The empirical illustration based on a portfolio of major cryptocurrencies—Bitcoin, Ethereum, Solana, and Binance Coin—highlights how different entropy specifications induce distinct diversification patterns within the unified framework. Shannon entropy promotes near-uniform allocations that maximize structural balance, Tsallis entropy with q = 2 imposes stronger penalties on concentration and enhances sensitivity to nonlinear risk features, while Weighted Shannon entropy incorporates asset-specific informational priorities reflecting heterogeneous market characteristics. Although the empirical results are illustrative, they are consistent with the theoretical properties of the respective entropy measures.

The central contribution of this study lies in showing that entropy-based portfolio optimization should not be viewed as a collection of isolated models, but rather as a unified framework grounded in information-theoretic principles. This perspective emphasizes entropy as a robust diversification criterion that does not rely on restrictive distributional assumptions and is therefore particularly suitable for volatile and structurally unstable financial environments such as cryptocurrency markets.

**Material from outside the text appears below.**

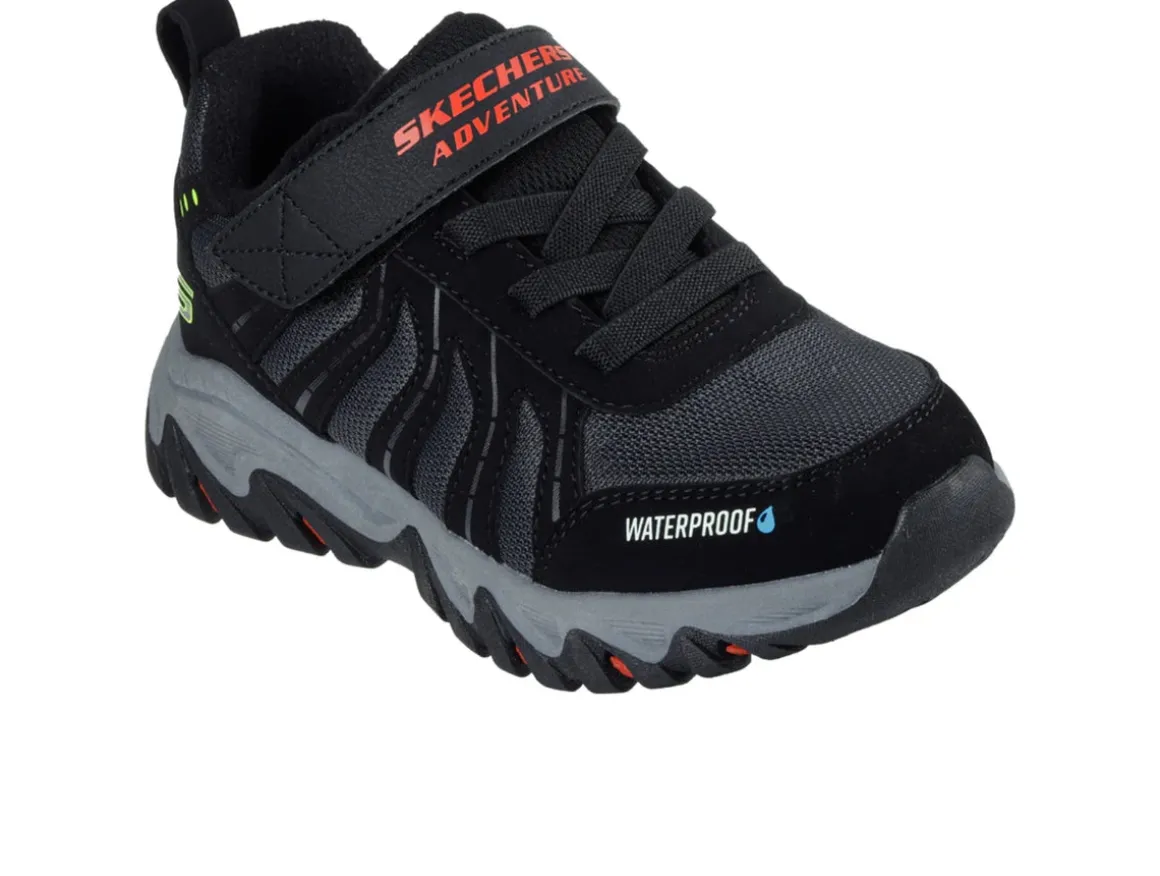 skechers_l_rugged_ranger__1.webp Skechers 406411L Rugged Ranger - Hydro Explore - Black Red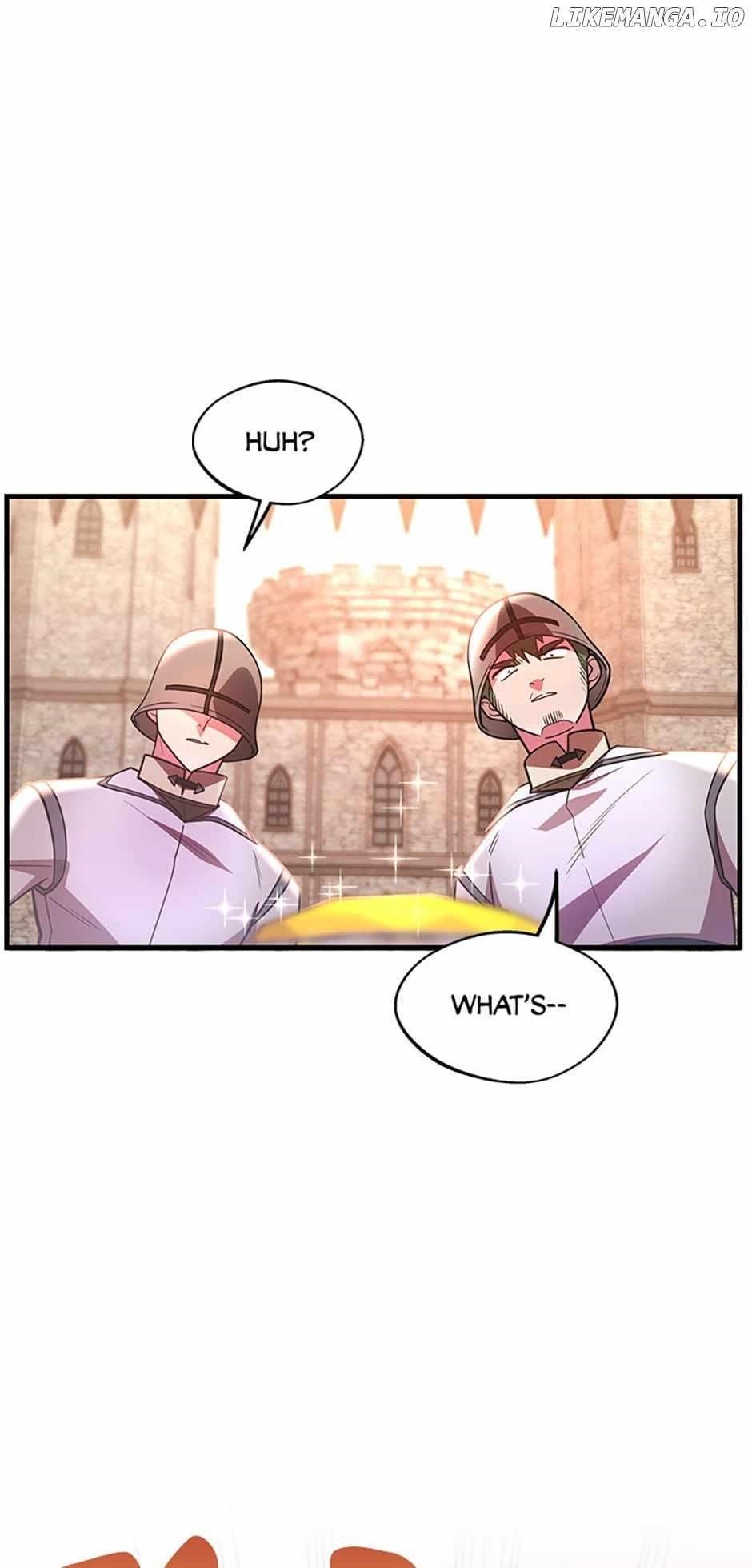 I Got Lucky and Pulled a 10th Rank Summon Chapter 54 - Page 10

Several avenues for future research naturally emerge from this framework. Extensions may incorporate transaction costs, liquidity constraints, and dynamic multi-period rebalancing, further enhancing practical relevance. Moreover, the MaxEnt formulation can be generalized to alternative entropy measures, including Rényi or Kaniadakis entropy, as well as combined with other robust optimization paradigms. Beyond cryptocurrency portfolios, the unified entropy-based approach offers potential applications in broader areas of financial mathematics, such as asset allocation under uncertainty, quantitative asset allocation, algorithmic portfolio construction, and systemic risk modeling.